Azerbaycan-İran ilişkileri ne yönde seyredecektir? Bu bakımdan farklı senaryolar üzerinden yapılacak projeksiyonlar aktörlerin muhtemel tercihlerine dair fikir jimnastiğine el vermektedir.
İki ülke arasında geçmişten gelen karşılıklı güvensizlik kolayca silinip gidecek değildir. Bununla birlikte, yukarıda belirtilen güvenlik kaygılarının önünün alınması mevcut şartlar altında ancak karşılıklı menfaatlere dayanan olumlu ilişkilerle sağlanabilir. İki ülke de birbirine yeterince diş göstermiştir. İki ülke arasında çatışmaya varabilecek bir kriz ise iki tarafın da zararına olacaktır. Ancak uluslararası dengeler bakımından bazı önemli aktörlerin İran karşıtlığının bir sonucu olarak Azerbaycan’ın böylesi bir çatışmadan dolaylı olarak karlı çıkabileceği öne sürülebilirse de ödenecek bedel göreli teveccüh ve kazanımlarla telafi edilebilecek midir?
İran’ın Azerbaycan dışı güvenlik kaygıları da bu bakımdan etkili olabilecektir; Azerbaycan ile kontrol dışına çıkabilecek bir gerginliğin İran’dan çok üçüncü ülkelerin -İran’ın hasımlarının- işine yarayacağını ve İran’ın menfaatlerine zarar vereceğini kestirmesi gerekir. Hakeza İran’ın ambargolar nedeniyle zor şartlar altında oluşturduğu askeri birikimini Azerbaycan ile bir çatışmada israf etmesi İran’ın güvenliği açısından sakıncalıdır.
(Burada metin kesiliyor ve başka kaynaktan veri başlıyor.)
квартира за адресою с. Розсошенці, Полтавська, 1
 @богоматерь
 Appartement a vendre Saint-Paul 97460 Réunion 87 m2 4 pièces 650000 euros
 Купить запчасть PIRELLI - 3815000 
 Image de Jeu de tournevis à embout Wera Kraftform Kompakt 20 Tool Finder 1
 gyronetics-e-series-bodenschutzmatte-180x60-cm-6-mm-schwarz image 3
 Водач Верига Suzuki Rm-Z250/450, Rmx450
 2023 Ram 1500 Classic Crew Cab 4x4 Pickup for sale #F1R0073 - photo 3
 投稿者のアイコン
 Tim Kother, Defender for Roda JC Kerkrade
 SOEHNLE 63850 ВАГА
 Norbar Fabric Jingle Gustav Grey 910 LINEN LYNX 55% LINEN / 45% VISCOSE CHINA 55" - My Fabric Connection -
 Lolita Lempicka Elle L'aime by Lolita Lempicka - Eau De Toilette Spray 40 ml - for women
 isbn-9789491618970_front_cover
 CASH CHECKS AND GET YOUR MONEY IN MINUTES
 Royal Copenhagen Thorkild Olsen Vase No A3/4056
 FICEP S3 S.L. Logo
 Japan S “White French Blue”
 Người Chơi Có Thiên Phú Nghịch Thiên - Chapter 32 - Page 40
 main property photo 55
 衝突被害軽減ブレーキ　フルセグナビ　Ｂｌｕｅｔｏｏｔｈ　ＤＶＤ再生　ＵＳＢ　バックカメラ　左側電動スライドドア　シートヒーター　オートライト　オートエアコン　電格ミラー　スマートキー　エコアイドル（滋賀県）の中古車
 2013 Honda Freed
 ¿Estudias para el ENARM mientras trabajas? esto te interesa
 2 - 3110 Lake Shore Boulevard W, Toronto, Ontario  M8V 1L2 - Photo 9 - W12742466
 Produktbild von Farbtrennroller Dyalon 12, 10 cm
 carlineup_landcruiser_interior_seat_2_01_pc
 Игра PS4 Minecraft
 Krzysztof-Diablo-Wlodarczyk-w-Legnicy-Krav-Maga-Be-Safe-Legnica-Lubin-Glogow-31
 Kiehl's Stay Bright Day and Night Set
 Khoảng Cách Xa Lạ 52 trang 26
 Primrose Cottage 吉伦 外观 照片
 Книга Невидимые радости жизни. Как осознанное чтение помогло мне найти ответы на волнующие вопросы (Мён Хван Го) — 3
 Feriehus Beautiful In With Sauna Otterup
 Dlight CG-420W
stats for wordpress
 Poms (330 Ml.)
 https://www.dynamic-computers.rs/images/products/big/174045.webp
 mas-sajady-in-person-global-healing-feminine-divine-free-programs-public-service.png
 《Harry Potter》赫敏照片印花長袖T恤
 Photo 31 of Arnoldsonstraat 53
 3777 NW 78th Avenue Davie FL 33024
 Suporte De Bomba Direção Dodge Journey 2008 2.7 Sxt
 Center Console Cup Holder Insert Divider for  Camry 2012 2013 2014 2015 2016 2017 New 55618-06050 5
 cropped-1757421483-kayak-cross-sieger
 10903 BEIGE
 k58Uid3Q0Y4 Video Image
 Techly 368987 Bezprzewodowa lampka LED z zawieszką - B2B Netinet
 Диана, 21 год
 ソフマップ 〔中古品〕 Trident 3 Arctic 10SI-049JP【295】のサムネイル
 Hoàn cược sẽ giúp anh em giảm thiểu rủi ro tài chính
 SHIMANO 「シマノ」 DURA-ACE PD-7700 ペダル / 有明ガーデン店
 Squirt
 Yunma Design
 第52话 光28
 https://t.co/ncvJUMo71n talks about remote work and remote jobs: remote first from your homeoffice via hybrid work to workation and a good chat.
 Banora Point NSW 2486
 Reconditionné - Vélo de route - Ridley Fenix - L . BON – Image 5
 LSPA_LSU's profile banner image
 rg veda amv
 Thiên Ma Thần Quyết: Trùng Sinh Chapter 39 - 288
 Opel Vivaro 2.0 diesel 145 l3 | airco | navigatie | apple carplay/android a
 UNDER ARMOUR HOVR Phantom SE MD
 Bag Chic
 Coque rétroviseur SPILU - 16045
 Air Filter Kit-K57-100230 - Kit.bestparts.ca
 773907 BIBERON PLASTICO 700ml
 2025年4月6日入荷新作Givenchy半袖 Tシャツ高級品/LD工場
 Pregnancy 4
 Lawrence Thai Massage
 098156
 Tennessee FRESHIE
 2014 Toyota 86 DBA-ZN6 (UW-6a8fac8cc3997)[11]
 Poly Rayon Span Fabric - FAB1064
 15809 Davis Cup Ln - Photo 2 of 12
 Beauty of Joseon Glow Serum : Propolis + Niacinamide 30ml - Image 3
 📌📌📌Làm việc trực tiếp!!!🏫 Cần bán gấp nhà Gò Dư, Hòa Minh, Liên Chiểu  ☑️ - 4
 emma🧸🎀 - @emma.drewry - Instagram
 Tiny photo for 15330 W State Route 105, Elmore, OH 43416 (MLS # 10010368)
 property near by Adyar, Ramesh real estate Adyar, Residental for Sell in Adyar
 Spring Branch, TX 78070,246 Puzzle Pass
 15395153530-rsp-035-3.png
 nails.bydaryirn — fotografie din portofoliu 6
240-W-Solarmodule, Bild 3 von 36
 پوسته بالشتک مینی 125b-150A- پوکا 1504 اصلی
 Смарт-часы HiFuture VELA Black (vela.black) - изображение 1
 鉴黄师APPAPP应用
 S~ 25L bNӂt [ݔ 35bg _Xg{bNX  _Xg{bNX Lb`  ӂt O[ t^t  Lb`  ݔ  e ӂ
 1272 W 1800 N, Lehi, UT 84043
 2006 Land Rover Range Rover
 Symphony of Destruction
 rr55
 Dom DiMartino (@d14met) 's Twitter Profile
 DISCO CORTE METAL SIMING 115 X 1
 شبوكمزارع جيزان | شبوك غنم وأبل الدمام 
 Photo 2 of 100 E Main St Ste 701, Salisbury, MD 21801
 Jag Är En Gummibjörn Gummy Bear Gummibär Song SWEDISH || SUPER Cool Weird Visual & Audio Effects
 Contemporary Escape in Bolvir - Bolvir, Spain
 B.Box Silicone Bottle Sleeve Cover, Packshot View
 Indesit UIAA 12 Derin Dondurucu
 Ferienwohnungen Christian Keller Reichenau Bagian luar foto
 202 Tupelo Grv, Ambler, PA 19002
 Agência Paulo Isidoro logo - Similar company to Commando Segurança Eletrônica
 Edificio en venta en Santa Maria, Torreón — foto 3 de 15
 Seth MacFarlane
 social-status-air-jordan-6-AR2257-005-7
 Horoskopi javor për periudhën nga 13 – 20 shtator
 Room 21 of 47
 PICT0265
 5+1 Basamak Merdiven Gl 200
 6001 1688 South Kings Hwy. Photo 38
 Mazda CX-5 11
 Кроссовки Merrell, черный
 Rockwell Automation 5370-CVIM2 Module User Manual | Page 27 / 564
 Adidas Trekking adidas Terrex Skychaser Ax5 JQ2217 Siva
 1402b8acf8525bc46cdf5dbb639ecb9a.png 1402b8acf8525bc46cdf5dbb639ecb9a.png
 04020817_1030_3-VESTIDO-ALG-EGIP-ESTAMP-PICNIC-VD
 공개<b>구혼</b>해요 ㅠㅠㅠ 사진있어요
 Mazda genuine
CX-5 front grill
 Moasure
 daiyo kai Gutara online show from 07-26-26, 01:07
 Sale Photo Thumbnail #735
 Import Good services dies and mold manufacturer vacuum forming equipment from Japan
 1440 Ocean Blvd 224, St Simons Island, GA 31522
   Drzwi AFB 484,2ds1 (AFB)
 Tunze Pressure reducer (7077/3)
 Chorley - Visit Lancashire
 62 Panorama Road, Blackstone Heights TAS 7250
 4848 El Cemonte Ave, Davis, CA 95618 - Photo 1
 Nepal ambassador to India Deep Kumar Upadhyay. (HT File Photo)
Özlü, yapısal ve temel aykırılıklara dayanan gerginlik ve çekişmelerin bir kalemde tarihin tozlu raflarına kaldırılması gerçekçi olmasa da; iki ülke arasında güven inşası hem bölgede hem de ikili ilişkilerde istikrarın sağlanmasının tek sağduyulu yolu olarak görünmektedir.